*Work instruction*. The required output is the line that contains "XPPen Artist Ultra" through the last line of the data, retyped verbatim and with nothing added.
(Beginning of Data section)
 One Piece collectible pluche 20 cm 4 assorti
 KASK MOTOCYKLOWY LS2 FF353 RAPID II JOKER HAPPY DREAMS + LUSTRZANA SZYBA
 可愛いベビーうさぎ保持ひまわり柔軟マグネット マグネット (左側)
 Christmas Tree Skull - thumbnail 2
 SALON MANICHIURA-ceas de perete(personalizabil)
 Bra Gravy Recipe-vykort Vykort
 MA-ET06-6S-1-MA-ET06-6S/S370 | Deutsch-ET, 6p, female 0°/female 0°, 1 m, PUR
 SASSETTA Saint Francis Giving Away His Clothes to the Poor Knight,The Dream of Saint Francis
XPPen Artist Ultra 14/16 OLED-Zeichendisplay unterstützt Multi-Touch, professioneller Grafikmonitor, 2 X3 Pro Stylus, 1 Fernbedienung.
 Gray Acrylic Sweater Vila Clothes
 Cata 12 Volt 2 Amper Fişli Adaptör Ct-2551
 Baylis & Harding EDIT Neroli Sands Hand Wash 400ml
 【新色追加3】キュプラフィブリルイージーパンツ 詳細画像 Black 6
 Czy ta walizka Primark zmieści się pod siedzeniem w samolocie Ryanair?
(End of Data section)
*Written answer*.
XPPen Artist Ultra 14/16 OLED-Zeichendisplay unterstützt Multi-Touch, professioneller Grafikmonitor, 2 X3 Pro Stylus, 1 Fernbedienung.
 Gray Acrylic Sweater Vila Clothes
 Cata 12 Volt 2 Amper Fişli Adaptör Ct-2551
 Baylis & Harding EDIT Neroli Sands Hand Wash 400ml
 【新色追加3】キュプラフィブリルイージーパンツ 詳細画像 Black 6
 Czy ta walizka Primark zmieści się pod siedzeniem w samolocie Ryanair?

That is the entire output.